I am making a library management in C for practice. Now, in studentEntry I need to generate a long int studentID in which every digit is non-zero. So, I am using this function:

```
long int generateStudentID(){
srand(time(NULL));
long int n = 0;
do
{
n = rand() % 10;
}while(n == 0);
int i;
for(i = 1; i < 10; i++)
{
n *= 10;
n += rand() % 10;
}
if(n < 0)
n = n * (-1); //StudentID will be positive
return n;
}
```

```
Name : khushit
phone No. : 987546321
active : 1
login : 0
StudentID : 2038393052
Wanted to add another student?(y/n)
```

I wanted to remove all zeros from it. Moreover, when I run the program the first time the random number will be the same as above, and second time random number is same as past runs like e.g:-

**program run 1**

```
StudentID : 2038393052
StudentID : 3436731238
```

**program run 2**

```
StudentID : 2038393052
StudentID : 3436731238
```

What do I need to fix these problems?

crandomintlong-integer answered 5 months ago gchen #1

Slightly modify the order of your original function should perform the trick. Instead of removing 0s, just do not add 0s.

```
long int generateStudentID(){
srand(time(NULL));
long int n = 0;
for(int i = 0; i < 10; i++)
{
long int m = 0;
do
{
m = rand() % 10;
}while(m == 0);
n *= 10;
n += m;
}
//Not needed as n won't be negative
//if(n < 0)
//n = n * (-1); //StudentID will be positive
return n;
}
```

answered 5 months ago deamentiaemundi #2

You can either do as gchen suggested and run a small loop that continues until the result is not zero (just like you did for the first digit) or accept a small bias and use `rand() % 9 + 1`

.

The problem with the similar sequences has its reason with the coarse resolution of `time()`

. If you run the second call of the function to fast after the first you get the same seed. You might read this description as proposed by user3386109 in the comments.
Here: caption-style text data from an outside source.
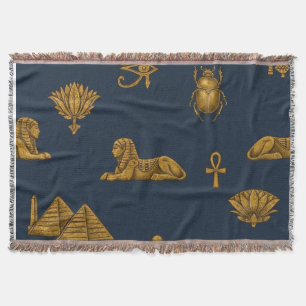 Minimalistisches Navy- und Antique-Gold-ägyptische Decke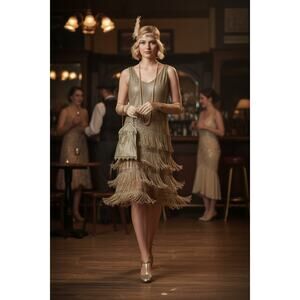 Authentic 1900-1920 Gold Chainmail Type Metal Flapper Handbag Purse Onyx Detail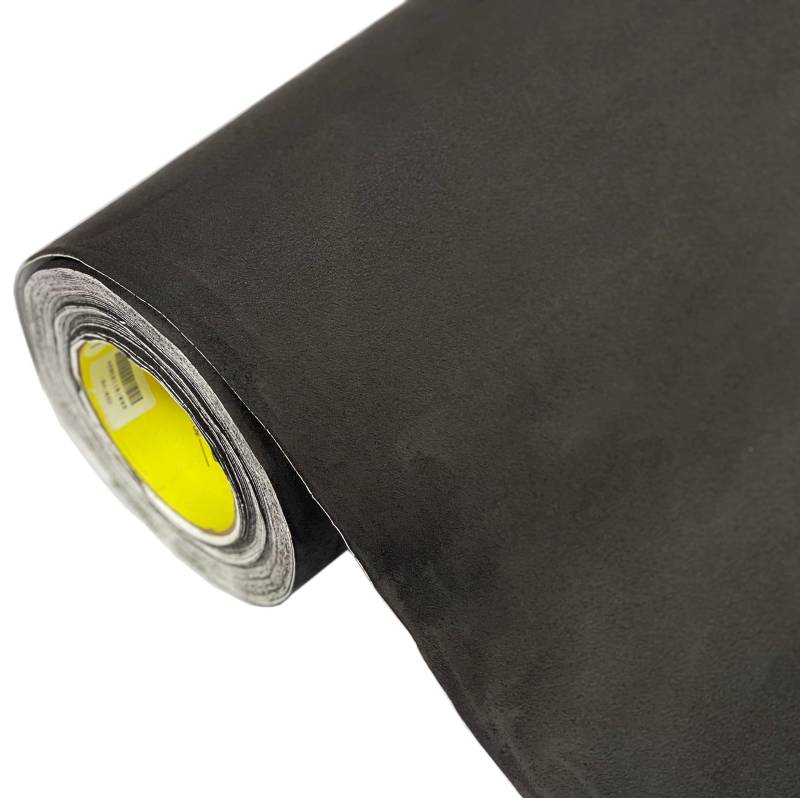 folimac Mikrofaserstoff Folie Selbstklebende Wildleder Optik Autofolie Innenraum Stretch Dehnbar Stoff Velours 36,00€/m² (Schwarz, 300x142cm) von folimac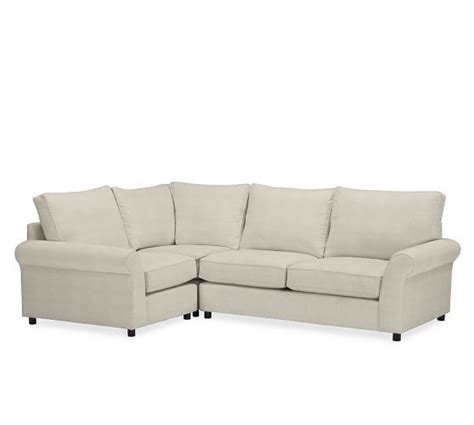 Pb Comfort Roll Arm Upholstered 3 Piece Sectional Upholstered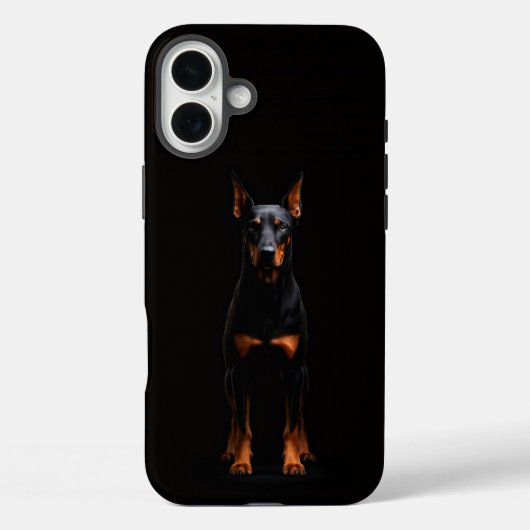 Schwarzes 4 Luxe iPhone 16 Plus, Wachdobermann-Hun Case-Mate iPhone Hülle (Rückseite)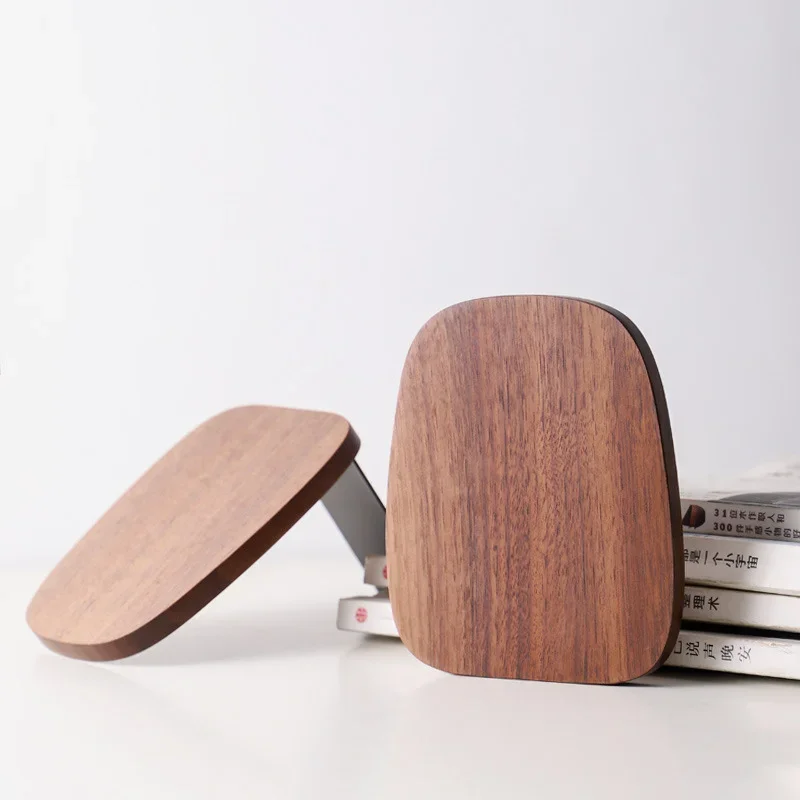 Organizer Desktop Stand Buku, Bookends Rumah Kantor Desktop, Rak Tempat Stand Ujung Buku, Kayu Walnut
answered 5 months ago Jonathan Leffler #3

A nine-digit student ID with no zeros in the number can be generated by:

```
long generateStudentID(void)
{
long n = 0;
for (int i = 0; i < 9; i++)
n = n * 10 + (rand() % 9) + 1;
return n;
}
```

This generates a random digit between 1 and 9 by generating a digit between 0 and 8 with `(rand() % 9)`

and adding 1. There's no need to for loops to avoid zeros.
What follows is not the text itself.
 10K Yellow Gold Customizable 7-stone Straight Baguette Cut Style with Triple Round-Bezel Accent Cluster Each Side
Note that this does not call `srand()`

— you should only call `srand()`

once in a given program (under normal circumstances). Since a `long`

must be at least 32 bits and a 9-digit number only requires 30 bits, there cannot be overflow to worry about.

It's possible to argue that the result is slightly biassed in favour of smaller digits. You could use a function call to eliminate that bias:

```
int unbiassed_random_int(int max)
{
int limit = RAND_MAX - RAND_MAX % max;
int value;
while ((value = rand()) >= limit)
;
return value % max;
}
```

If RAND_MAX is 32767 and `max`

is 9, `RAND_MAX % 9`

is 7. If you don't ignore the values from 32760 upwards, you are more likely to get a digit in the range 0..7 than you are to get an 8 — there are 3642 ways to each of 0..7 and only 3641 ways to get 8. The difference is not large; it is smaller if RAND_MAX is bigger. For the purposes on hand, such refinement is not necessary.